They enter about as healthy as they’ve been all season, reserve tight end Sean Culkin (back) the only player by week’s end still dealing with an injury significant enough to report to the league. The Chargers will be looking to rebound from what easily was their worst offensive performance of the season. They totaled 10 points and 198 yards last week in a loss to Baltimore. Running back Melvin Gordon came back against the Ravens after missing three games because of a right knee sprain. He looked all right physically but was unable to establish much, gaining 41 yards in 12 carries. The Chargers had mixed results dealing with Denver pass rushers Von Miller and Bradley Chubb when the teams met in November. Miller and Chubb each sacked Philip Rivers once. And protecting the quarterback has been an issue of late. Rivers has been sacked nine times the last two games. The Chargers need a victory to keep alive their chances of winning the AFC West.

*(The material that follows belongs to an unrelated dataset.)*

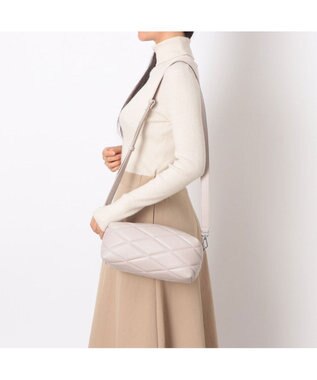 UNBILLION カカトゥ kakatoo / キルトスクエア2wayバッグ ベージュ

But they also need an improved offensive showing to enter January and the playoffs feeling more like the unit that helped this team win 10 of 11 games before last week.

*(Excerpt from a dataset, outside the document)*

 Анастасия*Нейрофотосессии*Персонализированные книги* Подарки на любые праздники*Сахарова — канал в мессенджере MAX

When Broncos have the ball

Denver will be without its top running back Phillip Lindsay (wrist) and top wide receiver Emmanuel Sanders (Achilles) for a game that means nothing to the franchise, at least as it relates to this season. Rookie Royce Freeman figures to take over for Lindsay, who was lost Monday as the Broncos were falling to Oakland. In three games without Sanders, quarterback Case Keenum has been relying more on Courtland Sutton. All of which means the Chargers are facing an opponent that is limited on offense. In losing its last three games, Denver has scored 14, 16 and 14 points. In the teams’ first meeting, the Chargers’ defense broke down over the final 18 minutes, allowing the Broncos to score three times — two touchdowns and a field goal — on their final four possessions, one of which began deep in Chargers territory because of a turnover. Given the current state of Denver’s offense, however, the threat of such a finish this time seems to be greatly diminished. Against the Raiders last week, six of the Broncos’ first seven possessions ended in punts and the other in a missed 58-yard field goal.

When they kick

Michael Badgley has been relatively quiet for a couple of weeks after emerging as the long-awaited answer for the Chargers. He is 15 of 16 on field goals and 24 of 25 on extra points. Brandon McManus beat the Chargers during Week 11 with a 34-yard field goal as time expired. He's 19 of 24 on field goals and has made all 35 of his extra points. The Chargers lost their season opener in 2017 in Denver when a potential tying field goal by Younghoe Koo in the closing seconds was blocked. That moment began a downturn that saw the Chargers roll through five other kickers before settling on Badgley. So, yeah, there’s a little recent history between these AFC West rivals in this category.

Jeff Miller’s prediction

In their regular-season finale, the Chargers have everything to play for — unless they have nothing to play for. A victory or tie means something only if Kansas City loses at home to 4-11 Oakland, a development that sounds about as likely right now as a lobster winning the Kentucky Derby. But this is the NFL, where common-sense results and absurd ones are separated each week by only a handful of plays.